======== TASK INPUTS

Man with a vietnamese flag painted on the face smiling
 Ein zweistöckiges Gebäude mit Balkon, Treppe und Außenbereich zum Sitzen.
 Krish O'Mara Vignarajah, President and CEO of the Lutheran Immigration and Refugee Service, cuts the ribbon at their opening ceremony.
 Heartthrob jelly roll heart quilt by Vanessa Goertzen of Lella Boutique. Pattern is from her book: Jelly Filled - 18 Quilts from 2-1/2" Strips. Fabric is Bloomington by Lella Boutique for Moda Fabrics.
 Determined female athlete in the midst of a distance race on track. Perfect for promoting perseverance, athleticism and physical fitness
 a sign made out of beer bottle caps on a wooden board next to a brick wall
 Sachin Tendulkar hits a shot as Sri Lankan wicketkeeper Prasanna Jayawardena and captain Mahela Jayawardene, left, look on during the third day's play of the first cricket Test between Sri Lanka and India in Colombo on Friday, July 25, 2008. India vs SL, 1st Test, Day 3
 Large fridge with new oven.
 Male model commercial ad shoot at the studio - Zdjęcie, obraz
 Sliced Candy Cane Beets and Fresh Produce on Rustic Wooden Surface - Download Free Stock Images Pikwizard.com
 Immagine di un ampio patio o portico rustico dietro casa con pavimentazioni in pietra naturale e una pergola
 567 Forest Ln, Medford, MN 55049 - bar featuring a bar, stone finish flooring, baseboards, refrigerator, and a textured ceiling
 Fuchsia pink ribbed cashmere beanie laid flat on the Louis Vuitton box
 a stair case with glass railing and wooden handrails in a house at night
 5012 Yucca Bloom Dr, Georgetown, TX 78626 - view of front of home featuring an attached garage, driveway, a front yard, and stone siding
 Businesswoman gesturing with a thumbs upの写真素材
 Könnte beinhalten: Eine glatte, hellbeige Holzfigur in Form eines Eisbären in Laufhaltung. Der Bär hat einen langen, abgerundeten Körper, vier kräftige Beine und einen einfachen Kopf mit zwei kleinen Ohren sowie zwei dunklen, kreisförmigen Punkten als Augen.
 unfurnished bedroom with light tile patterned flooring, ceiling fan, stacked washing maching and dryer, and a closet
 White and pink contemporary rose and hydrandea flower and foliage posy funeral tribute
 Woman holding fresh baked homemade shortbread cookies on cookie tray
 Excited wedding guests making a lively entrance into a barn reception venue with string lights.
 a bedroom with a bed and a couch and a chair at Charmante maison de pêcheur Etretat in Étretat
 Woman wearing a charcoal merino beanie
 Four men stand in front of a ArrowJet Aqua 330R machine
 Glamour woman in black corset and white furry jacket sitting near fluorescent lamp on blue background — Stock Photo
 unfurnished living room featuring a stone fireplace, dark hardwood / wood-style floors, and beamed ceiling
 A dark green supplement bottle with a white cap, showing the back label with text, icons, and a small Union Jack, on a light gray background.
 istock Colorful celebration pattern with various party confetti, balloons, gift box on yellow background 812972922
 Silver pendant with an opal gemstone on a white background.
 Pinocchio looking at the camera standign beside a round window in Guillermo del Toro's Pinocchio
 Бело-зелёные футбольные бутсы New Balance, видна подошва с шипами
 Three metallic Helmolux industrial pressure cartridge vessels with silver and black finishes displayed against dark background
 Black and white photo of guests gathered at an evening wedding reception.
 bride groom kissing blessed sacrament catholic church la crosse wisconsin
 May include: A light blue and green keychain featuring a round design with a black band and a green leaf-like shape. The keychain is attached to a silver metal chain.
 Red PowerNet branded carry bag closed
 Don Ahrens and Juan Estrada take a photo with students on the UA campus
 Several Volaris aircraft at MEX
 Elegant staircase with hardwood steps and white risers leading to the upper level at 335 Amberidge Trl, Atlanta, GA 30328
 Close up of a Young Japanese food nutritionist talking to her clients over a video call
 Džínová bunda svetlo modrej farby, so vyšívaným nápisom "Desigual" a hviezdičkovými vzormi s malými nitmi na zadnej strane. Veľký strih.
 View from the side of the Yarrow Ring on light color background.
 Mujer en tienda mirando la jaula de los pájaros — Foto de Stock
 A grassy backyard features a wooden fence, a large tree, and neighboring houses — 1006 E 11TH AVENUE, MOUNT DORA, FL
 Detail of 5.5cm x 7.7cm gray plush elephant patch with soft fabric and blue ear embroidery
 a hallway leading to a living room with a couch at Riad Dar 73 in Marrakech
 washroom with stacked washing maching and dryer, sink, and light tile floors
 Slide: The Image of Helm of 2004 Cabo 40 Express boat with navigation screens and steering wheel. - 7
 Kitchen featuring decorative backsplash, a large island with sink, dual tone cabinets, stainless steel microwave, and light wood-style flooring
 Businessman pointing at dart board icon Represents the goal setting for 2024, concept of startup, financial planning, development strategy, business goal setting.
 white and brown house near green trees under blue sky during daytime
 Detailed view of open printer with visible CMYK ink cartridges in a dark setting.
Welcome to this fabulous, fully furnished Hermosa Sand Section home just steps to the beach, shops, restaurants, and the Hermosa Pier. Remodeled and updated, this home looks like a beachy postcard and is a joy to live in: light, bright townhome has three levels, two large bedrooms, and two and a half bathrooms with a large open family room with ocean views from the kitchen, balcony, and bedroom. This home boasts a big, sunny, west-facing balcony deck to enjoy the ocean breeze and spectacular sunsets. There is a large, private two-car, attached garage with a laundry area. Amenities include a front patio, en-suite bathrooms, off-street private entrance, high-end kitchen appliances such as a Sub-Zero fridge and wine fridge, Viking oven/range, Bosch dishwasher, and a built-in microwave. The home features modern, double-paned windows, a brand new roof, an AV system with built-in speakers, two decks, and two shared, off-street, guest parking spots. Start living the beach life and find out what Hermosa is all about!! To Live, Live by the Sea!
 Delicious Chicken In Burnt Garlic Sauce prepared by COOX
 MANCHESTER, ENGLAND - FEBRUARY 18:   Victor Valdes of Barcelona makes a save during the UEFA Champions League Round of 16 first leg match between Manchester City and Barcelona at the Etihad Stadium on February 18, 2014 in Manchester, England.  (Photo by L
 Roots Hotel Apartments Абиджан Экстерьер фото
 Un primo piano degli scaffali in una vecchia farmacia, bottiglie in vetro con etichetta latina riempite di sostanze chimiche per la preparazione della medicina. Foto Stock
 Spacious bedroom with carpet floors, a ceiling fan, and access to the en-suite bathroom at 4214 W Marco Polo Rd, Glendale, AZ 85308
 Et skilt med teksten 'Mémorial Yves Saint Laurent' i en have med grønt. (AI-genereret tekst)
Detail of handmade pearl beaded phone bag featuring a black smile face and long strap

================

EXERCISE DESCRIPTION |
All of the records shown above should be reproduced exactly.

SOLVED PROBLEM |
Man with a vietnamese flag painted on the face smiling
 Ein zweistöckiges Gebäude mit Balkon, Treppe und Außenbereich zum Sitzen.
 Krish O'Mara Vignarajah, President and CEO of the Lutheran Immigration and Refugee Service, cuts the ribbon at their opening ceremony.
 Heartthrob jelly roll heart quilt by Vanessa Goertzen of Lella Boutique. Pattern is from her book: Jelly Filled - 18 Quilts from 2-1/2" Strips. Fabric is Bloomington by Lella Boutique for Moda Fabrics.
 Determined female athlete in the midst of a distance race on track. Perfect for promoting perseverance, athleticism and physical fitness
 a sign made out of beer bottle caps on a wooden board next to a brick wall
 Sachin Tendulkar hits a shot as Sri Lankan wicketkeeper Prasanna Jayawardena and captain Mahela Jayawardene, left, look on during the third day's play of the first cricket Test between Sri Lanka and India in Colombo on Friday, July 25, 2008. India vs SL, 1st Test, Day 3
 Large fridge with new oven.
 Male model commercial ad shoot at the studio - Zdjęcie, obraz
 Sliced Candy Cane Beets and Fresh Produce on Rustic Wooden Surface - Download Free Stock Images Pikwizard.com
 Immagine di un ampio patio o portico rustico dietro casa con pavimentazioni in pietra naturale e una pergola
 567 Forest Ln, Medford, MN 55049 - bar featuring a bar, stone finish flooring, baseboards, refrigerator, and a textured ceiling
 Fuchsia pink ribbed cashmere beanie laid flat on the Louis Vuitton box
 a stair case with glass railing and wooden handrails in a house at night
 5012 Yucca Bloom Dr, Georgetown, TX 78626 - view of front of home featuring an attached garage, driveway, a front yard, and stone siding
 Businesswoman gesturing with a thumbs upの写真素材
 Könnte beinhalten: Eine glatte, hellbeige Holzfigur in Form eines Eisbären in Laufhaltung. Der Bär hat einen langen, abgerundeten Körper, vier kräftige Beine und einen einfachen Kopf mit zwei kleinen Ohren sowie zwei dunklen, kreisförmigen Punkten als Augen.
 unfurnished bedroom with light tile patterned flooring, ceiling fan, stacked washing maching and dryer, and a closet
 White and pink contemporary rose and hydrandea flower and foliage posy funeral tribute
 Woman holding fresh baked homemade shortbread cookies on cookie tray
 Excited wedding guests making a lively entrance into a barn reception venue with string lights.
 a bedroom with a bed and a couch and a chair at Charmante maison de pêcheur Etretat in Étretat
 Woman wearing a charcoal merino beanie
 Four men stand in front of a ArrowJet Aqua 330R machine
 Glamour woman in black corset and white furry jacket sitting near fluorescent lamp on blue background — Stock Photo
 unfurnished living room featuring a stone fireplace, dark hardwood / wood-style floors, and beamed ceiling
 A dark green supplement bottle with a white cap, showing the back label with text, icons, and a small Union Jack, on a light gray background.
 istock Colorful celebration pattern with various party confetti, balloons, gift box on yellow background 812972922
 Silver pendant with an opal gemstone on a white background.
 Pinocchio looking at the camera standign beside a round window in Guillermo del Toro's Pinocchio
 Бело-зелёные футбольные бутсы New Balance, видна подошва с шипами
 Three metallic Helmolux industrial pressure cartridge vessels with silver and black finishes displayed against dark background
 Black and white photo of guests gathered at an evening wedding reception.
 bride groom kissing blessed sacrament catholic church la crosse wisconsin
 May include: A light blue and green keychain featuring a round design with a black band and a green leaf-like shape. The keychain is attached to a silver metal chain.
 Red PowerNet branded carry bag closed
 Don Ahrens and Juan Estrada take a photo with students on the UA campus
 Several Volaris aircraft at MEX
 Elegant staircase with hardwood steps and white risers leading to the upper level at 335 Amberidge Trl, Atlanta, GA 30328
 Close up of a Young Japanese food nutritionist talking to her clients over a video call
 Džínová bunda svetlo modrej farby, so vyšívaným nápisom "Desigual" a hviezdičkovými vzormi s malými nitmi na zadnej strane. Veľký strih.
 View from the side of the Yarrow Ring on light color background.
 Mujer en tienda mirando la jaula de los pájaros — Foto de Stock
 A grassy backyard features a wooden fence, a large tree, and neighboring houses — 1006 E 11TH AVENUE, MOUNT DORA, FL
 Detail of 5.5cm x 7.7cm gray plush elephant patch with soft fabric and blue ear embroidery
 a hallway leading to a living room with a couch at Riad Dar 73 in Marrakech
 washroom with stacked washing maching and dryer, sink, and light tile floors
 Slide: The Image of Helm of 2004 Cabo 40 Express boat with navigation screens and steering wheel. - 7
 Kitchen featuring decorative backsplash, a large island with sink, dual tone cabinets, stainless steel microwave, and light wood-style flooring
 Businessman pointing at dart board icon Represents the goal setting for 2024, concept of startup, financial planning, development strategy, business goal setting.
 white and brown house near green trees under blue sky during daytime
 Detailed view of open printer with visible CMYK ink cartridges in a dark setting.
Welcome to this fabulous, fully furnished Hermosa Sand Section home just steps to the beach, shops, restaurants, and the Hermosa Pier. Remodeled and updated, this home looks like a beachy postcard and is a joy to live in: light, bright townhome has three levels, two large bedrooms, and two and a half bathrooms with a large open family room with ocean views from the kitchen, balcony, and bedroom. This home boasts a big, sunny, west-facing balcony deck to enjoy the ocean breeze and spectacular sunsets. There is a large, private two-car, attached garage with a laundry area. Amenities include a front patio, en-suite bathrooms, off-street private entrance, high-end kitchen appliances such as a Sub-Zero fridge and wine fridge, Viking oven/range, Bosch dishwasher, and a built-in microwave. The home features modern, double-paned windows, a brand new roof, an AV system with built-in speakers, two decks, and two shared, off-street, guest parking spots. Start living the beach life and find out what Hermosa is all about!! To Live, Live by the Sea!
 Delicious Chicken In Burnt Garlic Sauce prepared by COOX
 MANCHESTER, ENGLAND - FEBRUARY 18:   Victor Valdes of Barcelona makes a save during the UEFA Champions League Round of 16 first leg match between Manchester City and Barcelona at the Etihad Stadium on February 18, 2014 in Manchester, England.  (Photo by L
 Roots Hotel Apartments Абиджан Экстерьер фото
 Un primo piano degli scaffali in una vecchia farmacia, bottiglie in vetro con etichetta latina riempite di sostanze chimiche per la preparazione della medicina. Foto Stock
 Spacious bedroom with carpet floors, a ceiling fan, and access to the en-suite bathroom at 4214 W Marco Polo Rd, Glendale, AZ 85308
 Et skilt med teksten 'Mémorial Yves Saint Laurent' i en have med grønt. (AI-genereret tekst)
Detail of handmade pearl beaded phone bag featuring a black smile face and long strap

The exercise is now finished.